Yes, to a certain degree at least. I suspect they're going to need to go to a lot of effort to hide the trail. Maybe they'll manage it, maybe they'll be caught, it might depend on who is actually hunting them down, is it just the Slovenian police? they might not be the most motivated or tech savy (EDIT: didn't mean this a knock on Slovenians specifically in any way, just saying that they're not going to have the resources of something like the FBI).


----------



## TheBigShort (9 Dec 2017)

Merowig said:


> 1. the Bigshort is nonstop repeating the nonsense that Bitcoin is a new financial system replacing the evil rotten banks



That's not true, and when you resort to making stuff up then it exposes a weakness in your argument.
I have been consistent in my view that I really don't know what bitcoin is. I am open to the suggestion that it is an alternative monetary system. I have a very small stake in bitcoin, not as an investment but as a means to try understand it's worth (if any).
At this juncture I believe it has huge potential ,notwithstanding moments where I consider that it doesn't have much value at all.
As for 'rotten banks', yep for sure, 100%!


----------



## Brendan Burgess (10 Dec 2017)

TheBigShort said:


> That's not true, and when you resort to making stuff up then it exposes a weakness in your argument.



In defence of Merowig, that is the impression I got also.
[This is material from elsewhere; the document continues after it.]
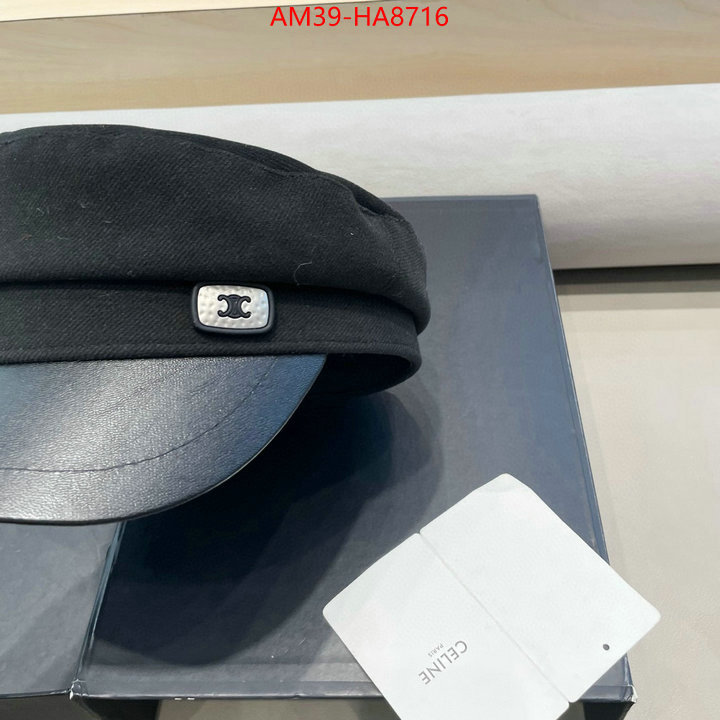 Cap(Hat)-Celine replica 1:1 high quality ID: HA8716 $: 39USD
One of the biggest advantages claimed for Bitcoin is that it allows people who don't like authority to have a currency which is not controlled by governments or central banks.  You seem to be a proponent of this.  Or that is the impression you give.

Brendan


----------



## TheBigShort (10 Dec 2017)

It is not a question of 'not liking authority', it is a question of do you believe authority, as it is currently practised, is in a manner that is accountable, verifiable with equal access and opportunity for all?
I dont.

For staters, the financial sector.

The extent that the labelling of bitcoin being a vehicle for criminals and money laundering is somewhat laughable when you consider the bare-faced corruption that is has been exposed, and continues to be exposed,  in the international financial system.
Money laundering, money printing, tax evasion, mortgage theft, false accounts, false accounting, deception, cooked books, etc...etc...

And yet, through our subservient governments and complicit media, we accept that all of this is just par for course, that it is not damaging to the integrity, and in turn, the value of our wealth.


----------



## BreadKettle (10 Dec 2017)

john luc said:


> can the stolen bitcoins not be traced through the blockchain



Yes it can and probably will be. Identifying the owner of the eventual wallet will be trickier though.


----------



## TheBigShort (10 Dec 2017)

Just listening to marian finucane. Even she recognises that our currency is 'magic money'.
IT editor for Independent is on referencing bitcoin as a hedge against fiat.


----------



## john luc (10 Dec 2017)

this theft points to a weakness in my view. How secure are the wallets and when a theft happens there is no law authority to turn to for help.


----------



## ant dee (10 Dec 2017)

john luc said:


> this theft points to a weakness in my view. How secure are the wallets and when a theft happens there is no law authority to turn to for help.


Wallet are as secure as you make them to be. If you use a desktop wallet on the local internet cafe, with the hundreds on key-loggers, your coins go 'poof'.

Thefts are always rumoured to be inside jobs to run with all the money.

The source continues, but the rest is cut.